The Australian Institute of Health and Welfare (AIHW) monitors and reports on patient experience of healthcare services in Australia through the Australian Bureau of Statistics’ (ABS) Patient Experience Survey.


The AIHW indicates, and we would agree, that collecting patient experience data is important because (1);


“Patient experiences provide a unique perspective on health care that not only

contributes to measuring system performance (2), but also provides insights into

patient journeys and their quality of care.


Patient engagement is increasingly recognised around the world as an integral part

of quality health care and a critical component of people-centred services (3).


Taking the time to understand a patient’s needs, preferences, beliefs and attitudes,

and adapting care to meet their expectations, is central to an effective patient–

doctor relationship (4).”


Simply put, we believe that patient experience informs the best possible design of health services, and that great patient experience is an enabler of the best possible health outcomes for patients and families.


This blog aims to give a high-level overview of the most recent patient experience statistics in Australia, particularly with regard to COVID-19, and explore the importance of understanding and leveraging the personal experiences of Australians in our health services.


ABS' Annual Patient Experience Survey


Every year the ABS collects, analyses and releases findings from the Patient Experience Survey (5), captured through the Multipurpose Household Survey conducted throughout Australia. The findings from the 2020/21 financial year have recently been released, and this allows us to get a true point-in-time sense of patient experiences in our health system.

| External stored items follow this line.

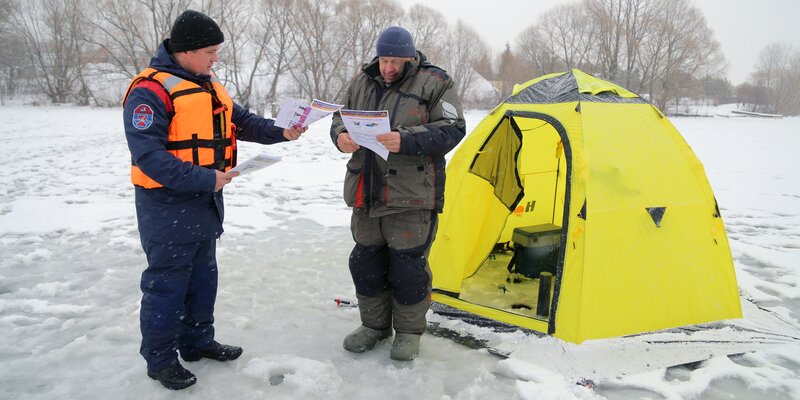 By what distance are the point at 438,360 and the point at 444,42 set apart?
37.6 metres

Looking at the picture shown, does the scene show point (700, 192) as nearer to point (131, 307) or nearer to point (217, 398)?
point (217, 398)

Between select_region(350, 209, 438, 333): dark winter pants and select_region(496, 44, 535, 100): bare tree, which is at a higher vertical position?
select_region(496, 44, 535, 100): bare tree

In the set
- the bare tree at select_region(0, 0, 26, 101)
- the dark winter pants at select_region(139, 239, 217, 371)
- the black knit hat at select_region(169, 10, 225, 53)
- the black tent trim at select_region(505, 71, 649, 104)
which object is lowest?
the dark winter pants at select_region(139, 239, 217, 371)

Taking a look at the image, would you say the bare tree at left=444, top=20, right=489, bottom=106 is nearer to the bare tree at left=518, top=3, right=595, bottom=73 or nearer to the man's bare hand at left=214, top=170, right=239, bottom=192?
the bare tree at left=518, top=3, right=595, bottom=73

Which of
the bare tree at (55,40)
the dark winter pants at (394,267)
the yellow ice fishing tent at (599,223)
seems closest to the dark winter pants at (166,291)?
the dark winter pants at (394,267)

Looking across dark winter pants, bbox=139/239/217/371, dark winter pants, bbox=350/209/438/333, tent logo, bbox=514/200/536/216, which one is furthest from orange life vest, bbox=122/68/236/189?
tent logo, bbox=514/200/536/216

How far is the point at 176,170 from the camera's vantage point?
94.7 inches

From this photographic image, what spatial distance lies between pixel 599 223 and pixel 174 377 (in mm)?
2724

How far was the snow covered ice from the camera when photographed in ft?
9.24

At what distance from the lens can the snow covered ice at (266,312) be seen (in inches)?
111

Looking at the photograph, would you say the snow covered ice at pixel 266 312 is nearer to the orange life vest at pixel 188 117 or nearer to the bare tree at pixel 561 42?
the orange life vest at pixel 188 117

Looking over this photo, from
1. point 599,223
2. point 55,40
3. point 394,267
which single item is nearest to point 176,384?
point 394,267

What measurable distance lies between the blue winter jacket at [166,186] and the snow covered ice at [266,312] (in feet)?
2.91

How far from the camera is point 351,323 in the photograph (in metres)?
3.64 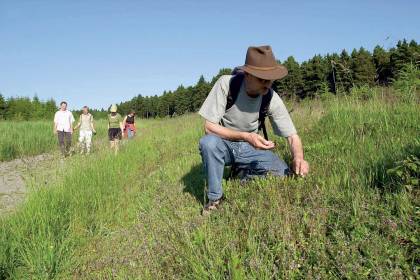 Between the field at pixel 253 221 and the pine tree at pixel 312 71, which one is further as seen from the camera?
the pine tree at pixel 312 71

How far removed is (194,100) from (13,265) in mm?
60278

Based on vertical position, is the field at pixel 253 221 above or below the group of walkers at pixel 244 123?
below

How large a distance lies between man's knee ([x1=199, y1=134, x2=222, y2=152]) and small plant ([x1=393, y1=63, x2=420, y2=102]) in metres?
3.70

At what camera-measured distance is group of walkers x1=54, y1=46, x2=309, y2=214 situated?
3.65m

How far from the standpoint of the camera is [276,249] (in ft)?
8.60

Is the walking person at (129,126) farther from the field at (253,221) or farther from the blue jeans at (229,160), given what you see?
the blue jeans at (229,160)

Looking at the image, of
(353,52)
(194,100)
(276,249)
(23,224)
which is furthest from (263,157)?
(194,100)

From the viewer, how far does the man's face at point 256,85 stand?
365cm

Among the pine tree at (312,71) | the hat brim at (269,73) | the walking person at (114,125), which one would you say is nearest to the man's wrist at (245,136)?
the hat brim at (269,73)

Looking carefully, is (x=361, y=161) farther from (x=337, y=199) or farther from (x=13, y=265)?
(x=13, y=265)

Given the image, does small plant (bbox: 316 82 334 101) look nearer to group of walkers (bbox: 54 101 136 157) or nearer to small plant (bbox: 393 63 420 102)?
small plant (bbox: 393 63 420 102)

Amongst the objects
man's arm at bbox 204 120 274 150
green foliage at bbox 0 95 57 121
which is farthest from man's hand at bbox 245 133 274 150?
green foliage at bbox 0 95 57 121

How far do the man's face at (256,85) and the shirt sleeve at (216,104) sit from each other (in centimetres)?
23

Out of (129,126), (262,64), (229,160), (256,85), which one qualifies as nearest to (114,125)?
(129,126) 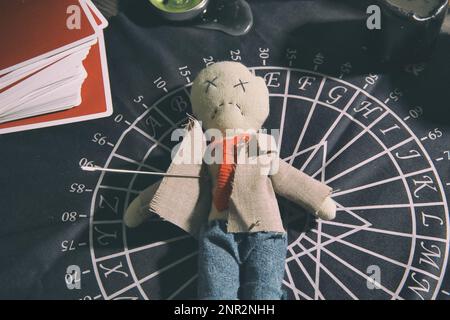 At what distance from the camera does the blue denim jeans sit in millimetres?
973

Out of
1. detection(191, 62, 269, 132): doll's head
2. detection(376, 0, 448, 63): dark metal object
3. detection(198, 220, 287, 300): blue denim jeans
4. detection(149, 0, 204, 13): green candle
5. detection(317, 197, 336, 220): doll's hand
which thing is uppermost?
detection(149, 0, 204, 13): green candle

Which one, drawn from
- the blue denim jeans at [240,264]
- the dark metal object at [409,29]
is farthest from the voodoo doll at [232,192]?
the dark metal object at [409,29]

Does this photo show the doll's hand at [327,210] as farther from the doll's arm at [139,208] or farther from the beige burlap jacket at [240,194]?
the doll's arm at [139,208]

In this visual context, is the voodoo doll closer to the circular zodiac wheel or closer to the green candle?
the circular zodiac wheel

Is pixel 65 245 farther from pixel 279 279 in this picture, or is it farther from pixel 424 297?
pixel 424 297

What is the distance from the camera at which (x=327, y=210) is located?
1040mm

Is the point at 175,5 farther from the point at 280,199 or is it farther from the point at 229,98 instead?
the point at 280,199

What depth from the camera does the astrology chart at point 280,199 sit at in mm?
1056

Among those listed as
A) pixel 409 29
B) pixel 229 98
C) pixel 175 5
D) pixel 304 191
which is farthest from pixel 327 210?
pixel 175 5

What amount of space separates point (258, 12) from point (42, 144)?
23.1 inches

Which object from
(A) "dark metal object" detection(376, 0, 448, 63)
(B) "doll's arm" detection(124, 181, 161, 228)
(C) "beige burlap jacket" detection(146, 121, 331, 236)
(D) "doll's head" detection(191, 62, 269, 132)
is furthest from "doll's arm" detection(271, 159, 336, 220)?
(A) "dark metal object" detection(376, 0, 448, 63)

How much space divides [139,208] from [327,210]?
35cm

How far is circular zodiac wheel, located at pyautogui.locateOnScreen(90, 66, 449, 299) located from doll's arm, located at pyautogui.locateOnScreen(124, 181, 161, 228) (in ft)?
0.08

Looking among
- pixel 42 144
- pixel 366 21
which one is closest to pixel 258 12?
pixel 366 21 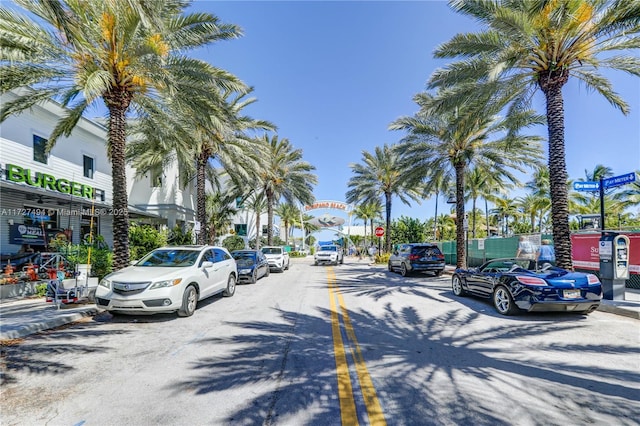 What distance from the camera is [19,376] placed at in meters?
4.45

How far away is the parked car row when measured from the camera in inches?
279

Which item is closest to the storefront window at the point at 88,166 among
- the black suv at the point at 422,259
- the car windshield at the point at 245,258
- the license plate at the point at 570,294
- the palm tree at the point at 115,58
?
the palm tree at the point at 115,58

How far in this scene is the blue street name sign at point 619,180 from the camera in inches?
356

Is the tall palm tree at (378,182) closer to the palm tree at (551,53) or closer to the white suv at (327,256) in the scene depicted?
the white suv at (327,256)

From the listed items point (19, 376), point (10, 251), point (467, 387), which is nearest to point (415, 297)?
point (467, 387)

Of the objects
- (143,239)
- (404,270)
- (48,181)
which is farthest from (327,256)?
(48,181)

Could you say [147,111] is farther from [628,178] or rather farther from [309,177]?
[309,177]

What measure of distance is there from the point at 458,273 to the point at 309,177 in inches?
826

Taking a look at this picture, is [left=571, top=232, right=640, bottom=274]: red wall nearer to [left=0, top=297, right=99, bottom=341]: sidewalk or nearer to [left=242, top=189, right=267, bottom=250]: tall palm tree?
[left=0, top=297, right=99, bottom=341]: sidewalk

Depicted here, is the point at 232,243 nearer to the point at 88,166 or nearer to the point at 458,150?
the point at 88,166

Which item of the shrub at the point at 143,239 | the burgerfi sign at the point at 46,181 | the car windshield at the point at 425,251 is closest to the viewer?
the burgerfi sign at the point at 46,181

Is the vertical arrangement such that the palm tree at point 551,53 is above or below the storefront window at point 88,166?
above

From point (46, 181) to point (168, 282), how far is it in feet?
36.6

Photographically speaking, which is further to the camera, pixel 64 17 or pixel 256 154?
pixel 256 154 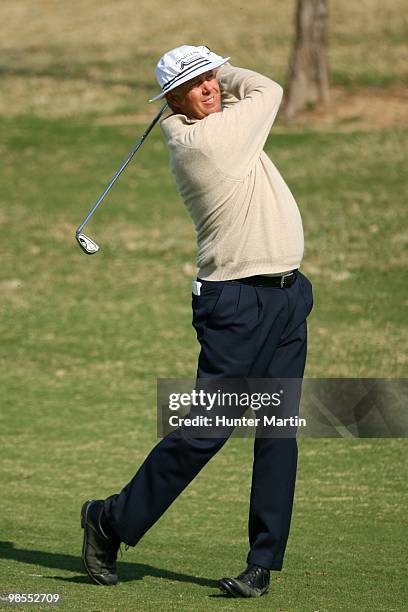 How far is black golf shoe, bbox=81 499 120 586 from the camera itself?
472cm

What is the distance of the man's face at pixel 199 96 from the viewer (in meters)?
4.56

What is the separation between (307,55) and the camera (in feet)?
56.9

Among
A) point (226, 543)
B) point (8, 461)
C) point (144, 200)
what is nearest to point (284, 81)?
point (144, 200)

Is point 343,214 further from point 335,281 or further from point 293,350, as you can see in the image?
point 293,350

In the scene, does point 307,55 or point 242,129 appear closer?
point 242,129

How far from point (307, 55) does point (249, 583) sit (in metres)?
13.6

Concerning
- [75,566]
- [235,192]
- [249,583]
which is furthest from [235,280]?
[75,566]

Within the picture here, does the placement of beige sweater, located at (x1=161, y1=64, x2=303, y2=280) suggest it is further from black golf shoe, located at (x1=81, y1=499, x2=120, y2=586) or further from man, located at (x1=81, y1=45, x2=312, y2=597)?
black golf shoe, located at (x1=81, y1=499, x2=120, y2=586)

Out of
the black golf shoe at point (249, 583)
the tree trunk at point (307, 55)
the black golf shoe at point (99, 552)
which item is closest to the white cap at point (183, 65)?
the black golf shoe at point (99, 552)

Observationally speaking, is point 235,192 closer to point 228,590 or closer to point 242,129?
point 242,129

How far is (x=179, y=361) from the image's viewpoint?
938 centimetres

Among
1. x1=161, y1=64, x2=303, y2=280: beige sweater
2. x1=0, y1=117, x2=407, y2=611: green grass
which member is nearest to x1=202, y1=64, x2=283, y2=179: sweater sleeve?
x1=161, y1=64, x2=303, y2=280: beige sweater

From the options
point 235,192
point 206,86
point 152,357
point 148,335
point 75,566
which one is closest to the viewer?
point 235,192

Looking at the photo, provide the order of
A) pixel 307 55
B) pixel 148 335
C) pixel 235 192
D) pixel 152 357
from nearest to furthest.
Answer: pixel 235 192, pixel 152 357, pixel 148 335, pixel 307 55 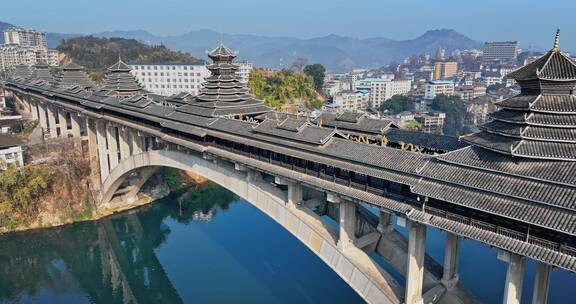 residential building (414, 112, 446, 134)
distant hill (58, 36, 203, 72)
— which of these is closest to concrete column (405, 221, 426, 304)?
residential building (414, 112, 446, 134)

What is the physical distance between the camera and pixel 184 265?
3253 centimetres

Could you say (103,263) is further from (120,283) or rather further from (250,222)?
(250,222)

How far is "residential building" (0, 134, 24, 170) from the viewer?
38.4 meters

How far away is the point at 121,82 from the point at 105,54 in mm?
79196

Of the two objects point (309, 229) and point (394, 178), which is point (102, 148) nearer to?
point (309, 229)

28,386 respondents contributed to this year’s data set. All respondents are aged 15 years or over, and represent urban, rural, remote and very remote parts of Australia (6). The survey explores patient experience across 14 factors that attempt to encapsulate respondent’s experience of the health system in the past 12 months. The survey spans primary and hospital care, explores wait times, barriers to access, and the influence of long-term health conditions among other experience factors (7). In response to COVID-19 the 2020/21 survey included new questions regarding COVID-19, telehealth and mental health.


What are patients saying about our health system?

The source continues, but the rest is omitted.